2. Was the search of the applicant incident to arrest reasonable?
[25] The applicant submits the pat-down of his person incident to arrest was a breach of his s. 8 Charter right to be secure against unreasonable search and seizure. The applicant relies on a similar argument to his position on his arrest; that the search was unreasonable as there were less intrusive options available to the officer to address the Highway Traffic Act charges. But for the unreasonable decision to arrest, there would have been no pat-down search.
[26] The Crown acknowledges it bears the onus of establishing the warrantless search was reasonable. It submits the search was reasonable as an incident to the lawful arrest. It is evident the officer conducted the pat-down search for safety reasons as he asked the applicant about the presence of sharp items or weapons.
[27] In order to establish a warrantless search was reasonable, the Crown must establish on a balance of probabilities the search was: (1) authorized by law; (2) the law itself was reasonable; and (3) the search was carried out in a reasonable manner: R. v. Collins, 1987 CanLII 84 (SCC), [1987] 1 S.C.R. 265. However, a search incident to arrest does not require reasonable and probable grounds beyond the grounds that were sufficient to support the lawfulness of the arrest. The search power is discretionary but must be conducted for a valid purpose, such as to protect the police or arrestee, preserve evidence related to the offence of find evidence related to the offence: R. v. Fearon, 2014 SCC 77, [2014] 3 SCR 621.
[28] As I have determined the arrest was reasonable, it follows the pat-down search as incident to arrest was reasonable. I am satisfied the officer conducted the pat-down search for a valid purpose, being officer safety. This was not seriously challenged by the applicant. The pat-down was limited to areas within the immediate reach of the applicant, including the pocket where the applicant stated there was cocaine. The officer testified he detected a hard object within the applicant’s front jacket pocket where he located the scale and controlled substances.

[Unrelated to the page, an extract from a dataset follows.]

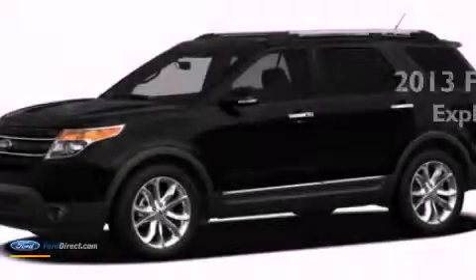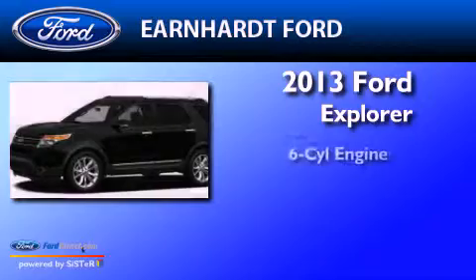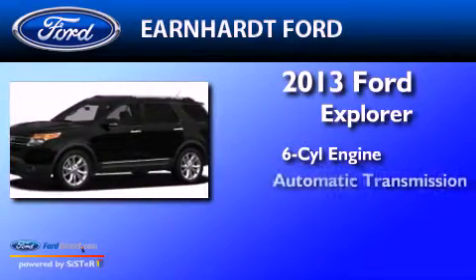This is a brand-new 2013 Ford Explorer. It features a six-cylinder engine and an automatic transmission.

[29] I accordingly conclude the search incident to arrest did not breach the applicant’s s.8 Charter right to be secure against unreasonable search and seizure.
3. Was the applicant informed of his right to retain and instruct counsel without delay?
[30] The officer arrested the applicant on the Highway Traffic Act charges at 11:18 pm. Constable Jackson conducted the search, rearrested the applicant, placed him in the cruiser and returned to the vehicle to speak with the passenger. Constable Jackson did not caution and inform the applicant of his rights to counsel until his return to the cruiser at 11:25 pm.
[31] The applicant contends the officer therefore failed to inform the applicant of his right to counsel on arrest and without delay, as required by s. 10(b) of the Charter.
[32] The Crown contends the delay of no more than 7 minutes is minor and reasonable in the context of a fluid and changing investigation. The officer initially made the arrest for a Highway Traffic Act charge; upon the applicant’s utterance and pat-down, it immediately expanded into an investigation and arrest for drug trafficking offences.
[33] The phrase “without delay” in s. 10(b) means immediately. The immediacy of this obligation is subject only to concerns for officer or public safety or reasonable limitations prescribed by law and justified under s. 1 of the Charter: R. v. Suberu, 2009 SCC 33, [2009] 2 S.C.R. 460.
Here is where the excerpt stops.